Mystery of Spider Mountain

by Jean Henry Mead

I thought about writing an autobiographical children’s book for years and finally sat down and wrote it. Solstice Publishing brought it out this week and I’m well into the second book of the Hamilton Kids mystery series. I've never had so much fun writing.

By autobiographical I mean that the characters grew up at the foot of a large hill in southern California, as I did with four younger brothers. Because the hill was inhabited by trap door spiders and an occasional tarantula that had arrived on a banana boat from Central America, I called it Spider Mountain.

My brothers and I were close in age and explored our "mountain" together. The apron was filled with purplish-blue lupines nearly all year round and about half way up the hill was Dead Man’s Tree. We called it that because a thick knotted rope hung from a lower limb that we swung on. At the end was a loop that prompted stories of horsethieves we imagined had been hanged there.

A dirt road encircled the hill at three levels but was so chocked with rocks and weeds that even a bicycle would have had difficult passage. We always wondered how the people who lived at the summit were able to reach their house, imagining everything from rock climbers to space ships and helicopters, although we’d never heard one in the area.

When I was twelve and old enough to babysit brothers who were nearly my own size, we climbed our mountain to spy on the mysterious house. What we found was a chain link fence enclosing four large vicious-looking dogs with mouths large enough to swallow a child whole. Or so we thought. It didn’t take us long to scramble back down the hill to our own house.
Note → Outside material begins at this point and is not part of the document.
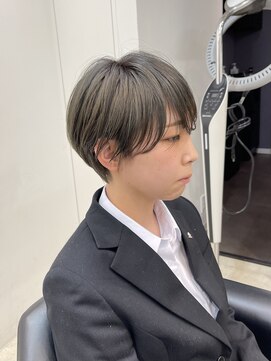 イヴォークトーキョーオーサカ(EVOKE TOKYO osaka) 大人 かっこいい ショート 抜け感 おしゃれ グレージュ カラー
And, of course, we never told our parents.

When I began to write I wondered again who those people were and how they arrived there. I wanted to write a mystery so I had to decide what kind of crime(s) the residents of the house had committed. And how the Hamilton kids would be able to capture them.

I thought of the Ouija board that had frightened us when we played with it at night. That’s when the spirit Bagnomi materialized to communicate with the kids via the board.

My four brothers had to be cut to two to make the story manageable. Even then they were as troubesome as my own brothers had been, so their widowed grandmother came to live with them—as mine had done. However, my grandmother didn’t have bright red curly hair like Ronald McDonald, and wasn’t interested in finding a husband. Even children’s books need humor and the Hamilton Kids’ grandmother provides that and more, along with an adopted Australian Sheppard with a penchant for chewing up furniture.

I enjoyed writing the book and hope that the second novel, The Ghost of Crimson Dawn, will be equally entertaining.